Pour les Frères musulmans emprisonnés dans les années 50 et 60, il faut avant tout une révolution politique. L'« État islamique » instauré, tout ira bien, puisque la Loi sacrée (Charī«a), avec ses exigences sociales, sera enfin appliquée. Sur le type de gouvernement, voici l'idée de Sayyid Quṭb première manière : « Aucun souverain (musulman) ne détient un pouvoir religieux directement du Ciel... Il ne tient sa place que par le choix entièrement et absolument libre de tous les musulmans. De plus, il ne doit tenir son pouvoir que de sa continuelle application de la Loi » (la Justice sociale en islam, 1949).

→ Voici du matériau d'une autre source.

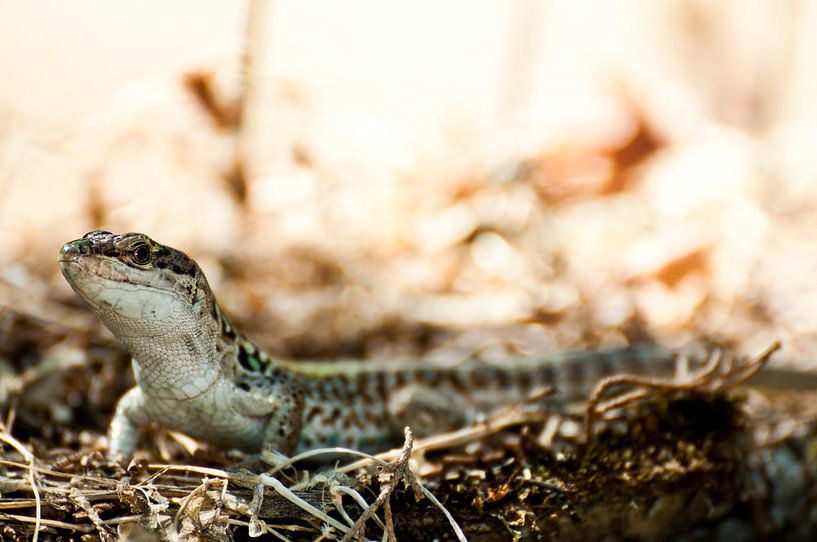 Salamander von Mees Tempelaar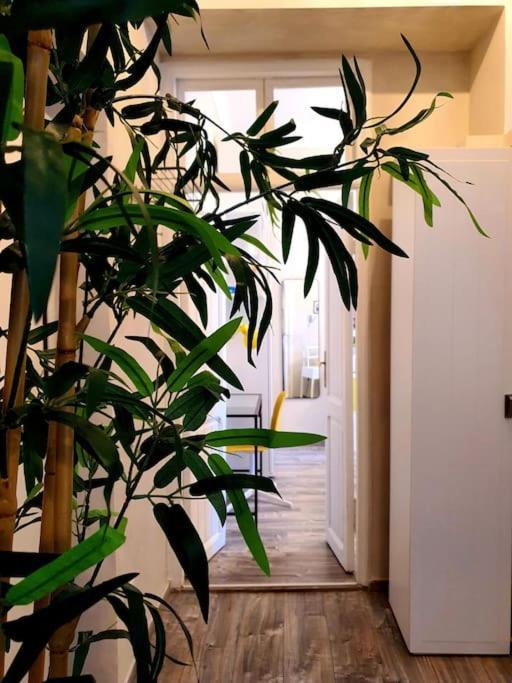 Charming House Appartamento Roma
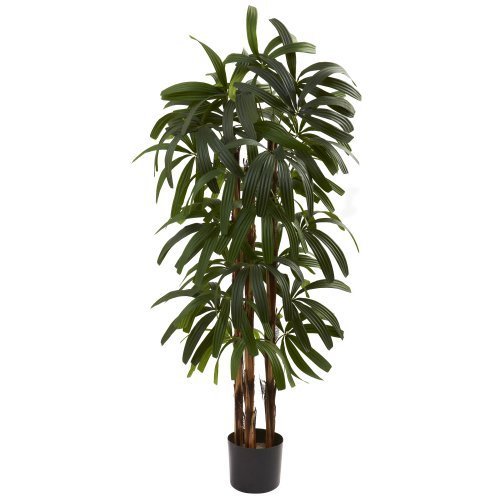 0784331861263 - NEARLY NATURAL 5401 RAPHIS PALM TREE, 4-FEET, GREEN BY NEARLY NATURAL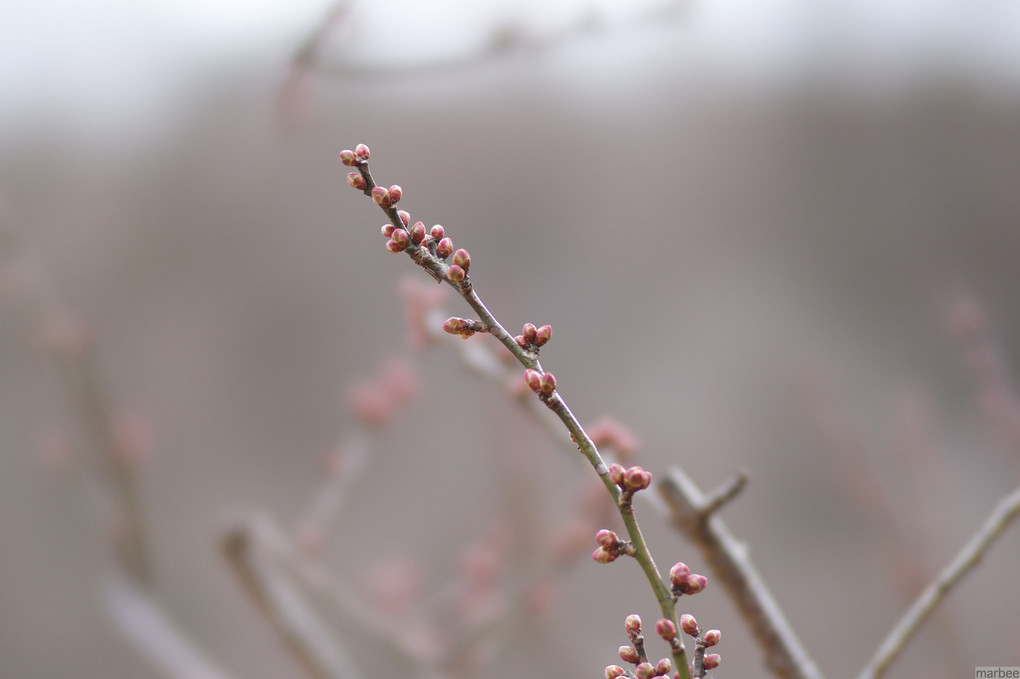 春の桜の新芽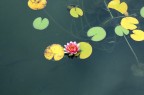 fiore fiore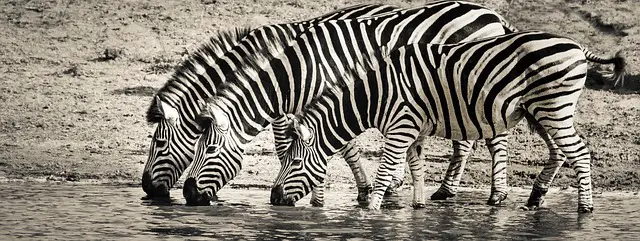 The Magic of Wildlife Safari Parks: Adventures Beyond the Ordinary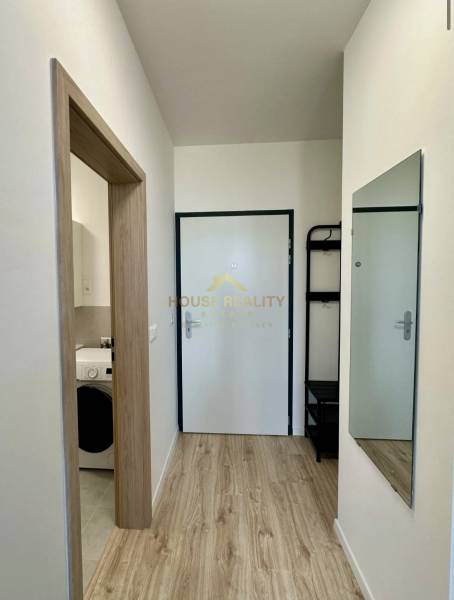 Flur mit Holzboden, Spiegel und Eingang zum Badezimmer in einer 2-Zimmer-Wohnung.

Sayyid Quṭb nuance ici l'idée habituelle qu'ont les orientalistes du régime politique islamique, vu comme « théocratie (laïque) égalitaire » (Massignon ; Gardet), ou comme « État théocratique » de Médine (Rodinson). Mais aussi, écrit plus tard Quṭb, « la révolution totale contre la souveraineté des créatures humaines dans toutes ses formes et en toute institution, la rébellion totale en tout lieu de notre terre, la chasse aux usurpateurs (de la souveraineté divine) qui dirigent les hommes par des lois venues d'eux-mêmes, cela signifie la destruction du royaume de l'homme au profit du royaume de Dieu sur la terre... » (À l'ombre du Coran, 1950-1964). Ce ton radical tranche sur la grande tradition musulmane. En effet, la guerre musulmane classique devient ici une guerre intérieure permanente. Quṭb ne prêche pas explicitement le tyrannicide ou le terrorisme sélectifs ; mais les groupes extrémistes actuels le feront, islamisant ainsi le thème de la « guerre révolutionnaire » menée par une « avant-garde » consciente et active, idée moderne non conforme à la grande tradition musulmane.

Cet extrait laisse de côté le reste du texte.